Se o leitor ainda não o fez, deve fazê-lo: ler “O Visconde Partido ao Meio”, do escritor italiano Italo Calvino. Não chegará a ser o seu livro de cabeceira, mas se ganha bastante em poucos mais de 100 páginas. Coisa para duas ou três horas de um daqueles domingos que, muitas vezes, se desenrolam sem […]

Por Reinaldo Azevedo Atualizado em 31 jul 2020, 11h05 - Publicado em 16 ago 2011, 07h55

Se o leitor ainda não o fez, deve fazê-lo: ler “O Visconde Partido ao Meio”, do escritor italiano Italo Calvino. Não chegará a ser o seu livro de cabeceira, mas se ganha bastante em poucos mais de 100 páginas. Coisa para duas ou três horas de um daqueles domingos que, muitas vezes, se desenrolam sem motivo aparente… Vocês conhecerão o Visconde Medardo di Terralba, que foi combater os turcos. Um tiro de canhão o rachou ao meio, na vertical. Uma parte, a direita, volta para a casa. Era a metade perversa, má no limite do tédio… dos outros! Depois de algum tempo, suas vítimas já haviam se acostumado com suas perversidades. Até que chegou o lado esquerdo, que havia sido cuidado por monges. Era de uma bondade… insuportável!!! Chamavam-no “o vagabundo”. As duas partes acabarão duelando pelo amor de Pamela. O resto, vocês conferem no livro.
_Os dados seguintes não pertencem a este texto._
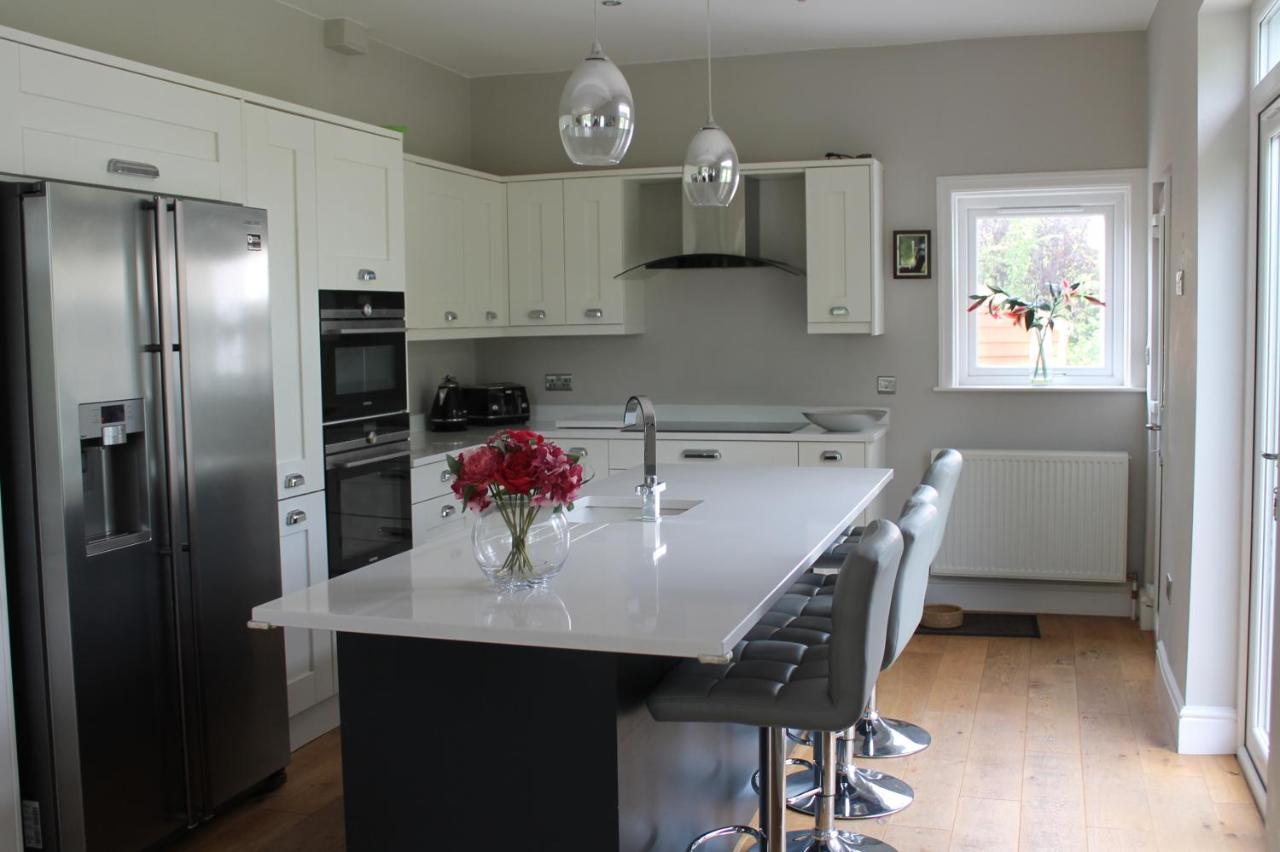 Gorgeous Family 15 Mins From City Centre Villa *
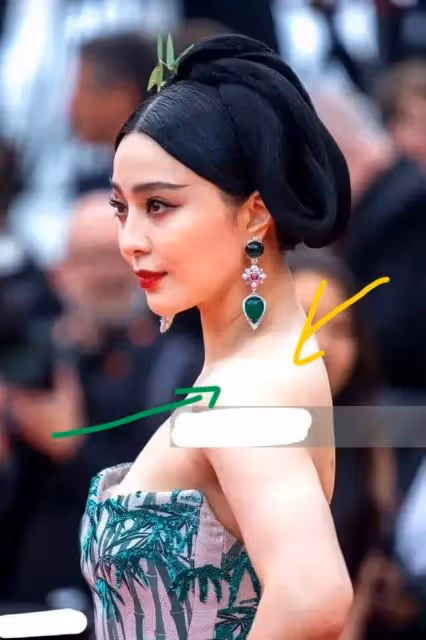 扔項鍊,雙開門,坎城紅毯上的明星,挨個把臉丟了個遍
Muitos quiseram decifrar o sentido metafísico do Visconde de Calvino. Até se tentou uma leitura política, com a “direita má” e a “esquerda boazinha”,  ambas impróprias para o convívio humano. “Reunidas” as metades do marquês, nem por isso se formou uma inteireza. Somos, os homens, assim mesmo: não cindidos em duas partes, mas em muitas. “Nada do que é humano me é estranho”, escreveu Terêncio. Porque não é, somos levados a fazer escolhas, que acabam determinando com quais pessoas decidimos viver e que moralidade nos serve. Aos escolher os outros, escolhemos o nosso próprio caminho. Potencialmente, podemos ser o monstro moral da metade má ou o abestalhado da metade boa; podemos atormentar os outros tanto com o nosso egoísmo com nossa generosidade. Nada pode crescer à volta de um e de outro; um mata com o seu fel; o outro, com o seu mel. Mas que não se conclua apressadamente que a virtude está no meio, no doce-amaro, na indefinição. A “verdade”, qualquer que seja ela, está no conjunto. A razão tem de domesticar, a cada dia, a besta cínica e a besta crédula que há em nós.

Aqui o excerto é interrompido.